According to the ministry’s report, total seafood volume in the country was estimated at nearly 6.7 million tonnes during January-October, up 5.3 percent from the same time last year.

In the ten-month period, the country gained 7.06 billion USD from seafood export, accounting for 21.3 percent of the total export revenue of the agricultural sector.

Around 1.19 million tonnes of tra fish were cultivated during the period, up 8.6 percent from the same time last year.
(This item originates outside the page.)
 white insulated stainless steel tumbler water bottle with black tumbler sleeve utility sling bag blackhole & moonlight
Meanwhile, the aquaculture production of brackish water shrimp, prawn, and white leg shrimp was 600,000 tonnes (up 4.4 percent), 251,160 tonnes (up 1.6 percent), 389,000 tonnes (up over 8 percent).
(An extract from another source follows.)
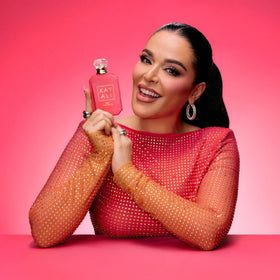 Side view of Kayali Eden Plush Pear 23 mini bottle with travel-friendly design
Other aquatic products were mollusc (220,000 tonnes), tilapia (150,000 tonnes), seaweed (100,000 tonnes), sea fish (40,000 tonnes) and cold water fish (2,000 tonnes)

Seafood industry targets 9 billion USD in export revenue hinh anh 2

Earlier, the Vietnam Association of Seafood Exporters and Producers (VASEP) said the country may not reach its target of 10 billion USD in aquatic exports due to a drop in prices, fluctuations in supply and demand, and trade barriers.

VASEP General Secretary Truong Dinh Hoe said the adjusted supply-demand balance in 2019 has pulled aquatic products’ prices down compared to previous years.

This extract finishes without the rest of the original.